Cartesian product of type lists
∅ ⨯ ∅ = ∅
∅ ⨯ {A} = ∅
∅ ⨯ {A, B} = ∅
{A, B} ⨯ ∅ = ∅
{A} ⨯ {B} = {(A,B)}
{A} ⨯ {B, C, D} = {(A,B), (A,C), (A,D)}
{A, B} ⨯ {B, C, D} = {(A,B), (A,C), (A,D), (B,B), (B,C), (B,D)}
{A, B, C} ⨯ {D} = {(A,D), (B,D), (C,D)}
{A, B, C} ⨯ {D, E, F} = {(A,D), (A,E), (A,F), (B,D), (B,E), (B,F), (C,D), (C,E), (C,F)}

(I noticed on Windows using Chrome that the cross product unicode character is not coming out well.
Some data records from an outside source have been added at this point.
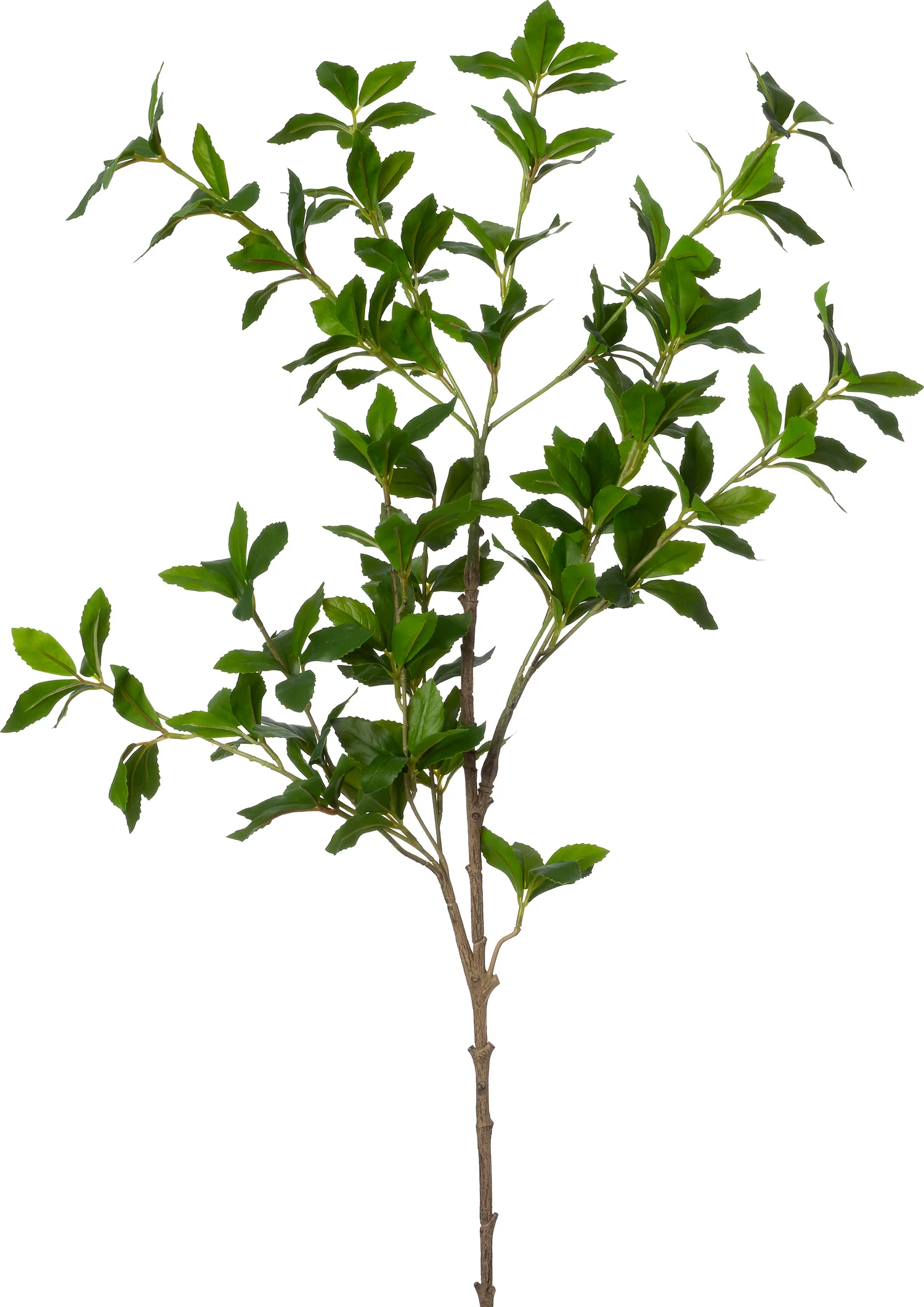 Intratuin kunsttak Liguster 96 cm
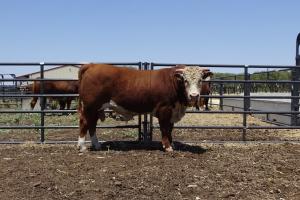 Case Ranch Sale Bull 951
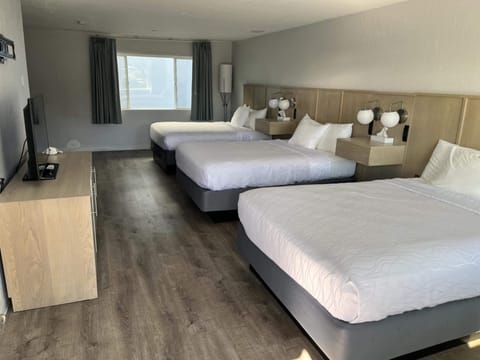 Standard Room | Iron/ironing board, free WiFi, bed sheets, alarm clocks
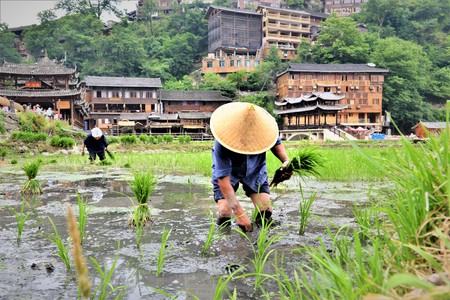 chinese Workers in a rice field and rice terracesの写真素材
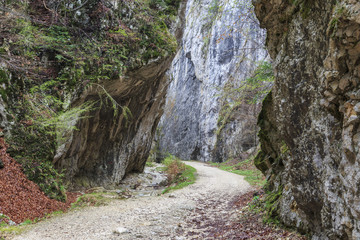 Fototapeta na wymiar Winding road through the gorge in spring, Romania.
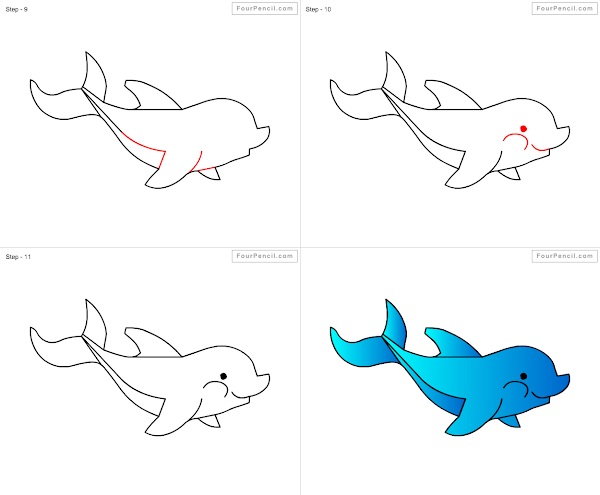 How to draw Dolphin - slide 2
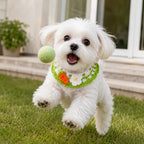 Maltese dog playing while wearing carrot knit pet collar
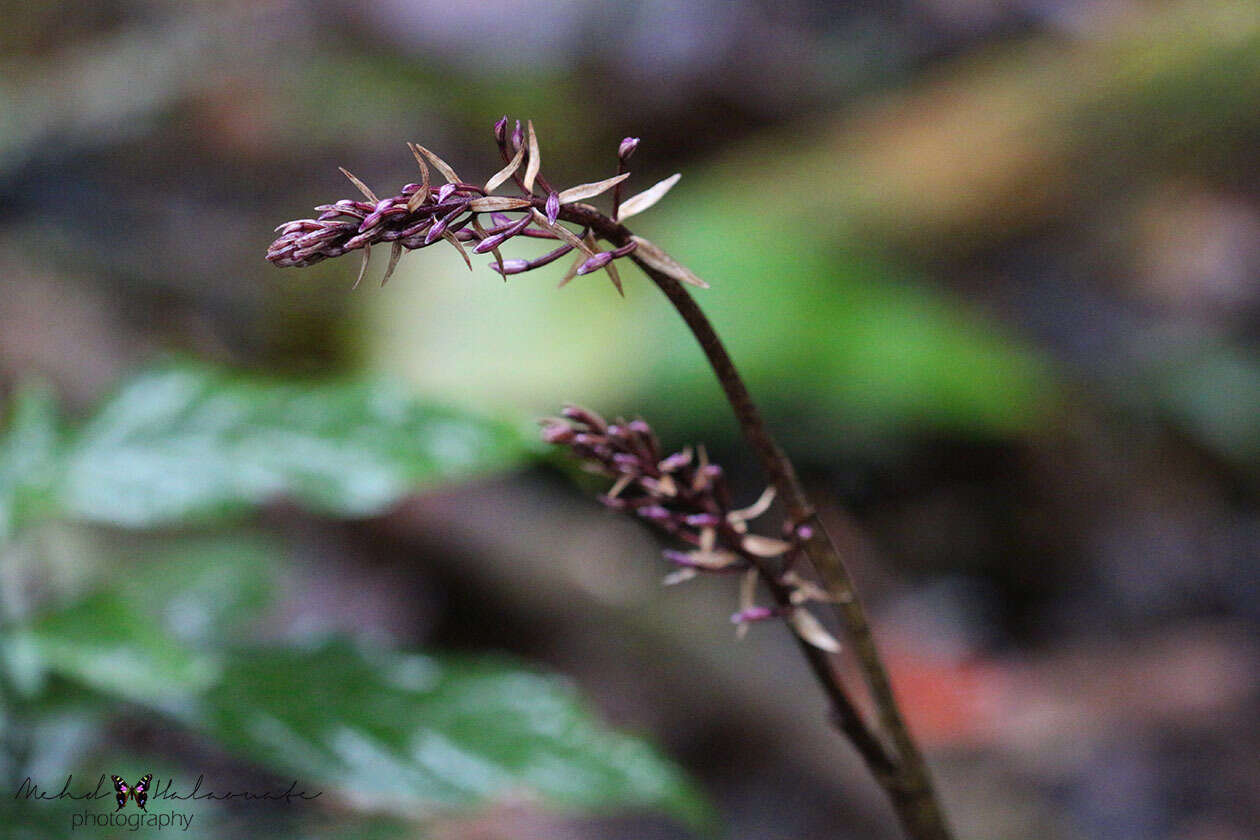 Image of Aphyllorchis montana var. montana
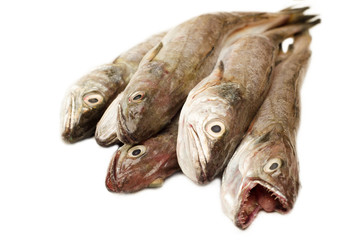 Merluzzi freschi crudi - fresh cod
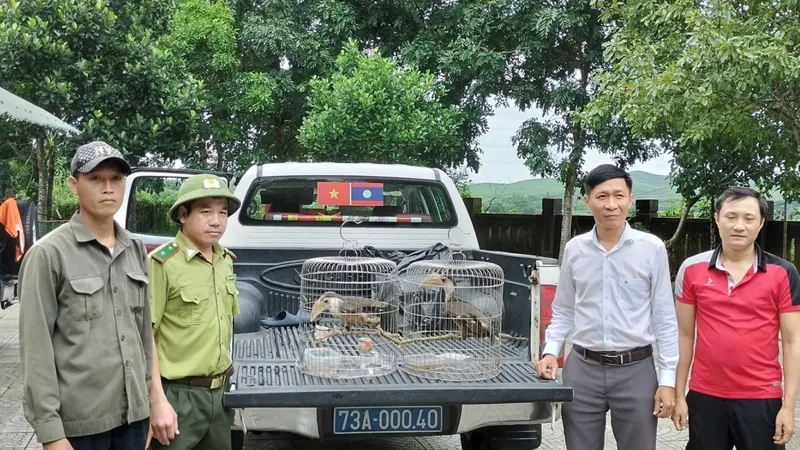 Trao hai chim niệc nâu quý hiếm cho Vườn quốc gia Phong Nha – Kẻ Bàng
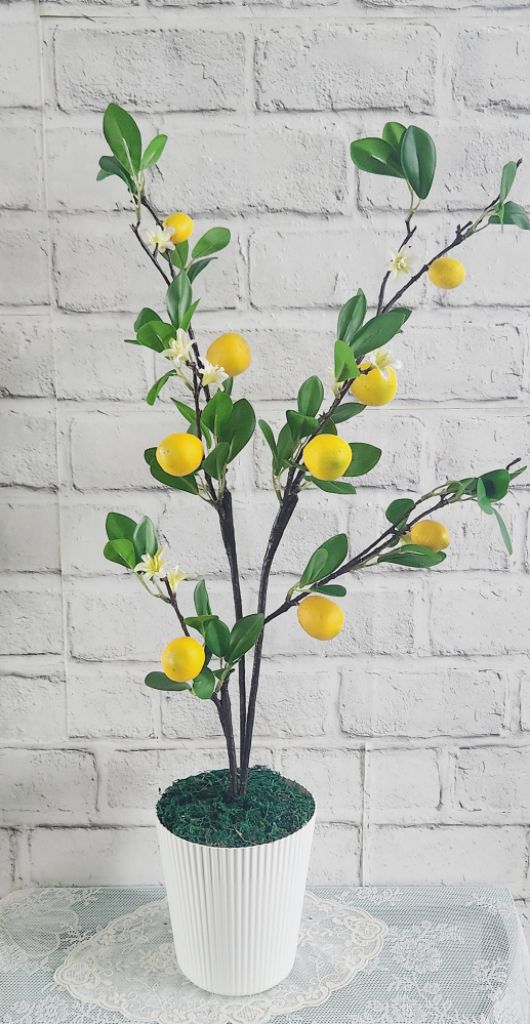 새상품)이케아 화분/풍성한 레몬조화 나무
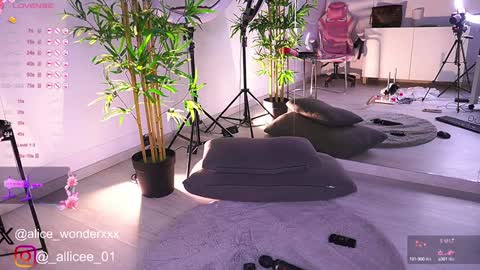 Vanessa Simon online show from February 8, 2025, 12:17 pm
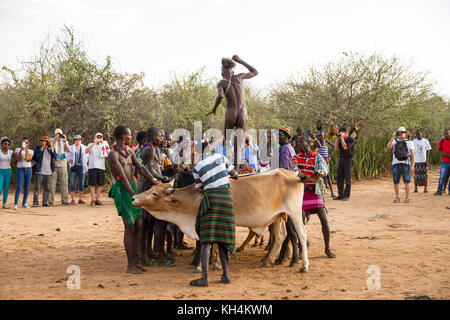 Turmi, Ethiopie - 14/11/16 : un jeune homme de la tribu de Hamar, en prenant part à l'arrivée de l'âge, bull jumping cérémonie (s'exécutant sur les taureaux) Banque D'Images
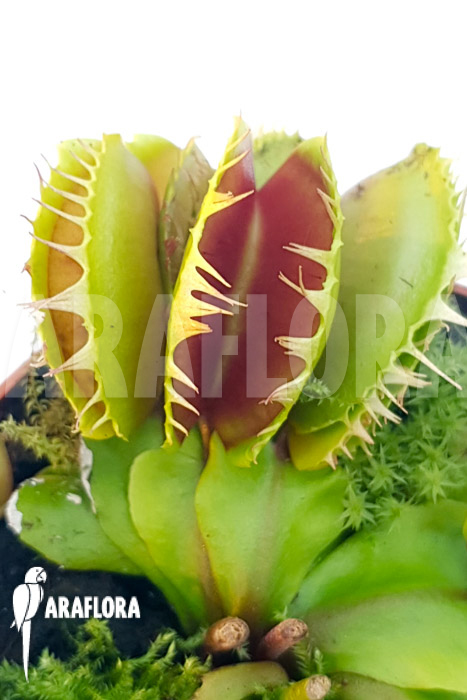 Dionaea muscipula ‘One and only 04’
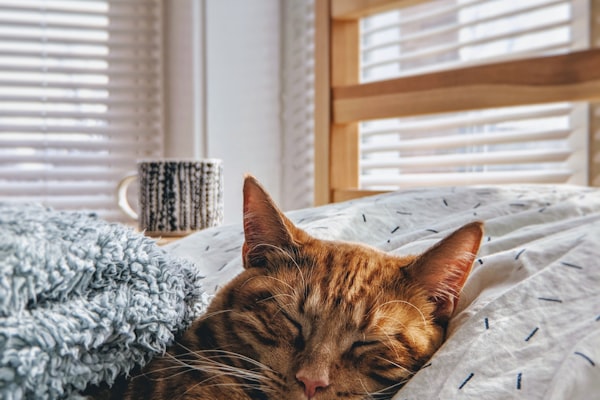 Happy dog relaxing in a clean, comfortable boarding suite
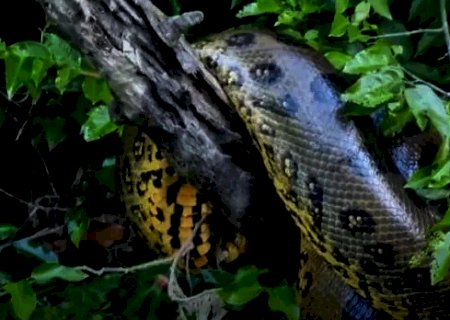 Pescador dá de cara com sucuri gigante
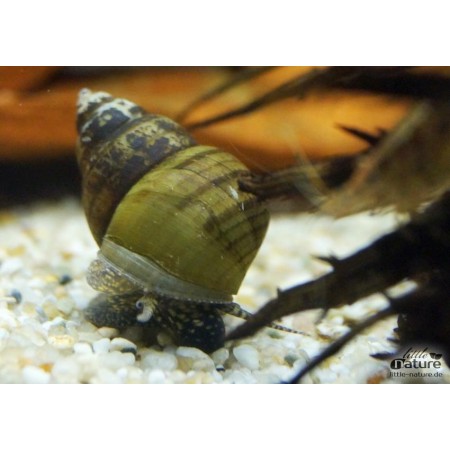 Cipangopaludina leucythoides - Tigerturmdeckelschnecke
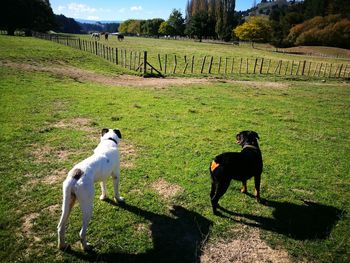 View of two horses on field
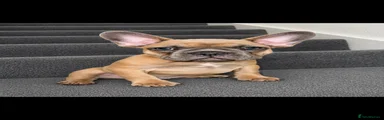 French Bulldog Puppy 2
Sorry, I don't know how to fix that.)

Solution 2:

Somehow my brain is fried: I think I'm using more code than is needed but, at least, it has the desired results (although I didn't fix the memory leak):

#include <iostream>
#include <typeinfo>
#include <cxxabi.h>

template<typename...> struct type_list {};

template<typename T1, typename T2> struct type_pair {};

template<typename T, typename... Rest>
  struct row
{
  typedef type_list<type_pair<T,Rest>...> type;
};

template <typename... T> struct concat;
template <typename... S, typename... T>
struct concat<type_list<S...>, type_list<T...>>
{
    typedef type_list<S..., T...> type;
};

template <typename... T>
struct expand
{
    typedef type_list<T...> type;
};
template <> struct expand<> { typedef type_list<> type; };
template <typename... T, typename... L>
struct expand<type_list<T...>, L...>
{
    typedef typename concat<typename expand<T...>::type, typename expand<L...>::type>::type type;
};

template<typename... T>
  struct cross_product
{
    typedef typename expand<type_list<typename row<T,T...>::type...>>::type type;

};

int main()
{
  int s;
  typedef cross_product<int, float, short>::type result;
  std::cout << abi::__cxa_demangle(typeid(result).name(), 0, 0, &s) << std::endl;

  return 0;
}

Solution 3:

Maybe something like this:

template <typename ...Args> struct typelist { };

template <typename S, typename T> struct typelist_cat;

template <typename ...Ss, typename ...Ts>
struct typelist_cat<typelist<Ss...>, typelist<Ts...>>
{
    typedef typelist<Ss..., Ts...> type;
};


template <typename S, typename T> struct product;

template <typename S, typename ...Ss, typename ...Ts>
struct product<typelist<S, Ss...>, typelist<Ts...>>
{
    // the cartesian product of {S} and {Ts...}
    // is a list of pairs -- here: a typelist of 2-element typelists
    typedef typelist<typelist<S, Ts>...> S_cross_Ts;

    // the cartesian product of {Ss...} and {Ts...} (computed recursively)
    typedef typename product<typelist<Ss...>, typelist<Ts...>>::type
        Ss_cross_Ts;

    // concatenate both products
    typedef typename typelist_cat<S_cross_Ts, Ss_cross_Ts>::type type;
};

// end the recursion
template <typename ...Ts>
struct product<typelist<>, typelist<Ts...>>
{
    typedef typelist<> type;
};

Now you should be able to use product<typelist<A,B,C>, typelist<D,E,F>>::type.